WORK INSTRUCTIONS =>
Pictures excluded, please transcribe exactly the lines from the one with "Hotel Nemetskiy Dvorik Sarátov" through the end of the records below, and nothing more.

(DATA EXCERPTS Opens)

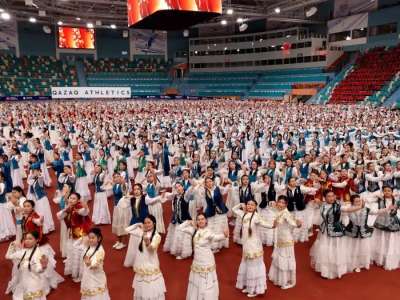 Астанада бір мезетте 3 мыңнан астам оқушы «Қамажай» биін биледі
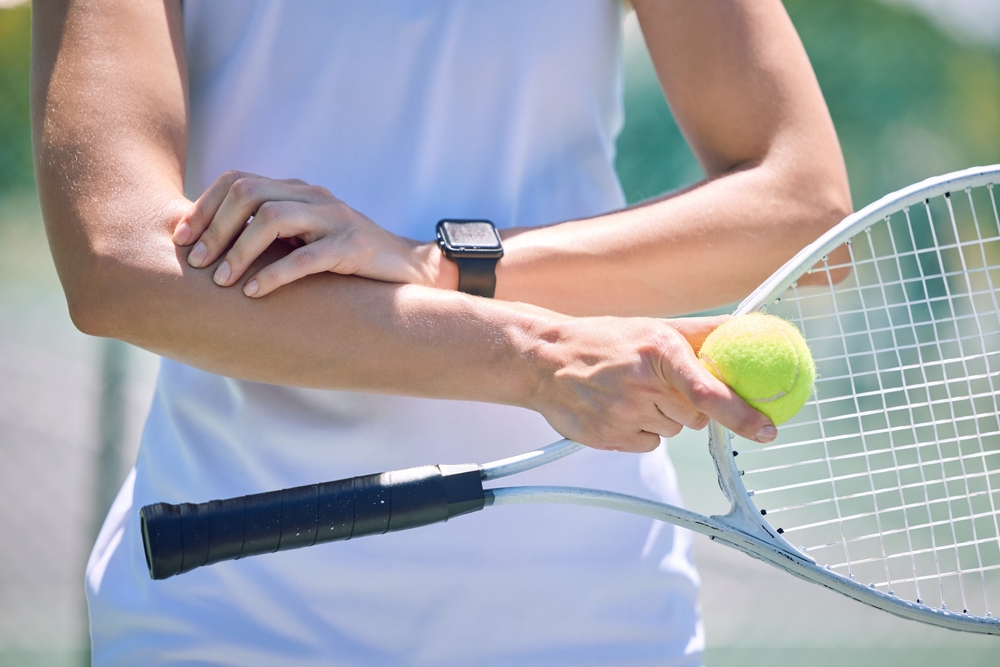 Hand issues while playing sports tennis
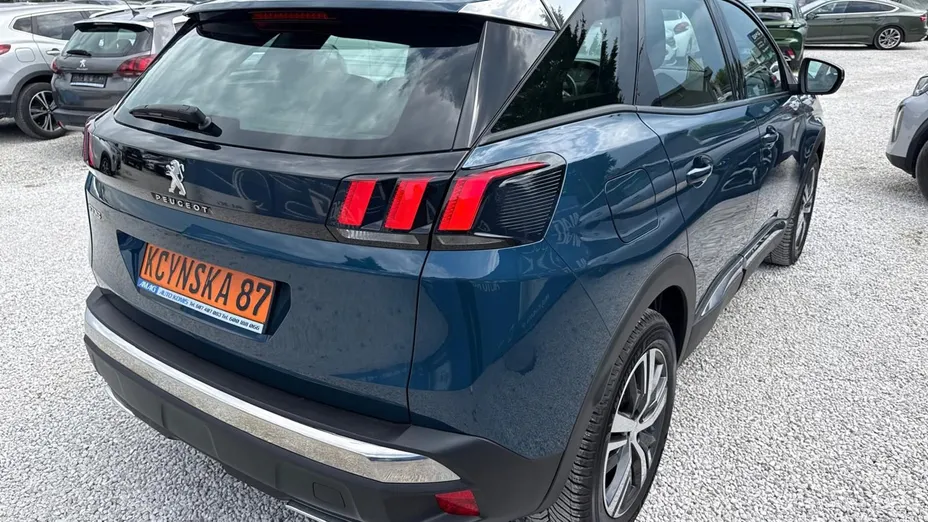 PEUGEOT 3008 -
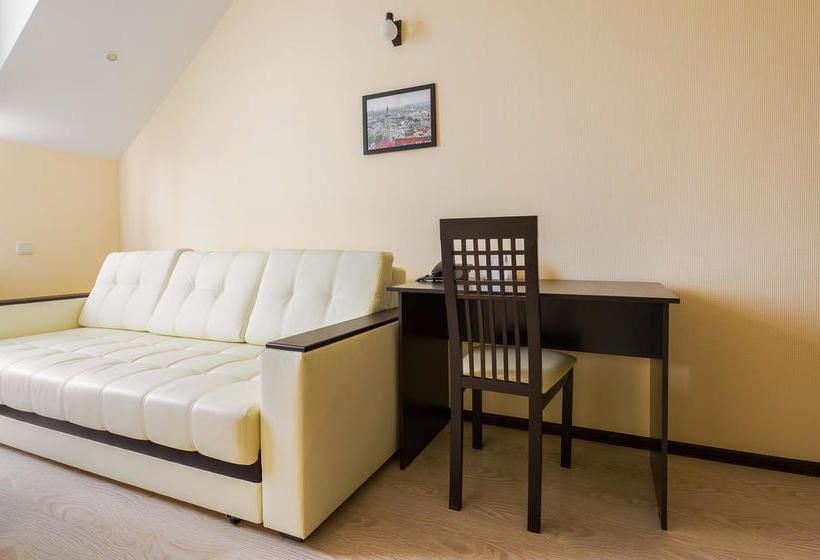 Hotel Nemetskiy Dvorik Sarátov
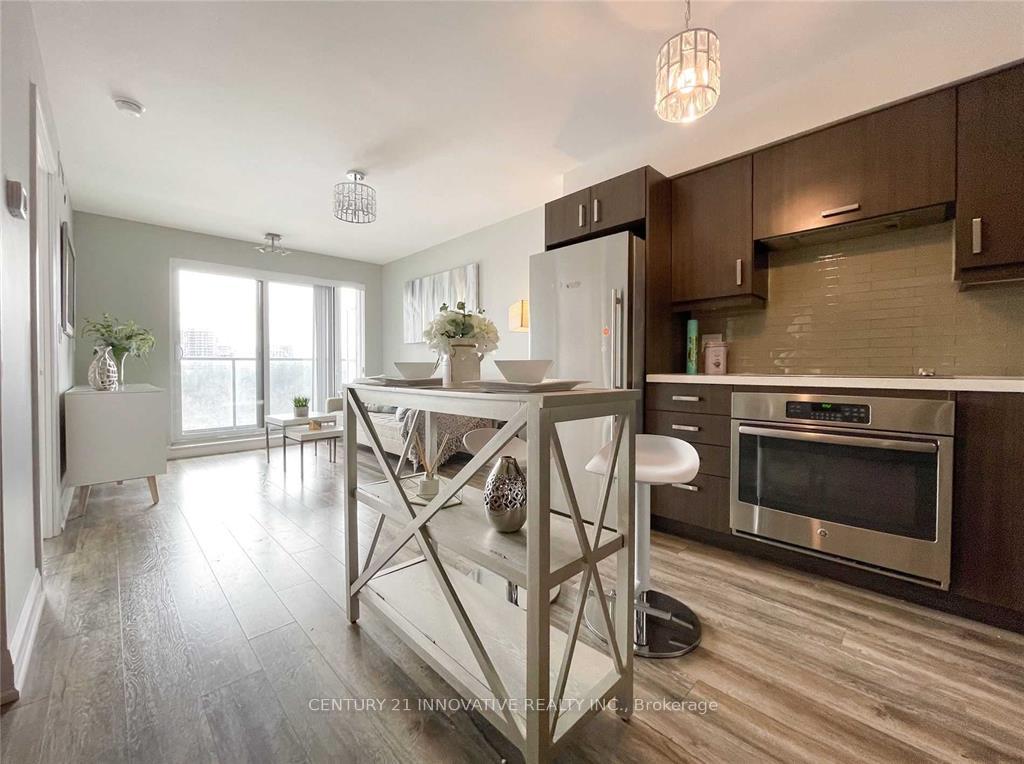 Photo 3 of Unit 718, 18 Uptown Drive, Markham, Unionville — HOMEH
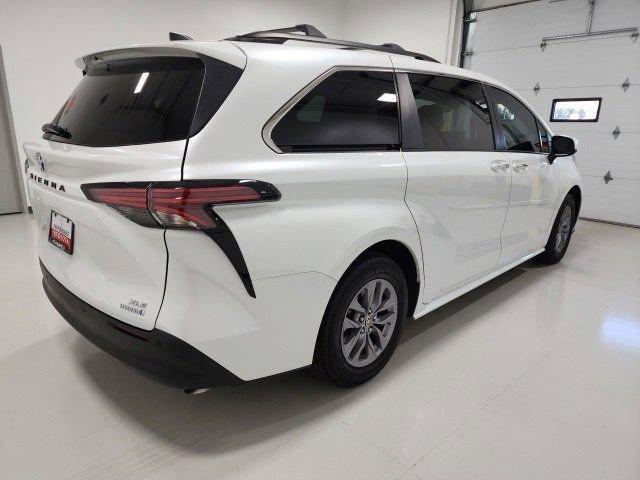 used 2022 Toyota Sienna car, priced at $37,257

(DATA EXCERPTS Closes)

RESPONSE FOR THIS EXERCISE =>
 Hotel Nemetskiy Dvorik Sarátov
 Photo 3 of Unit 718, 18 Uptown Drive, Markham, Unionville — HOMEH
 used 2022 Toyota Sienna car, priced at $37,257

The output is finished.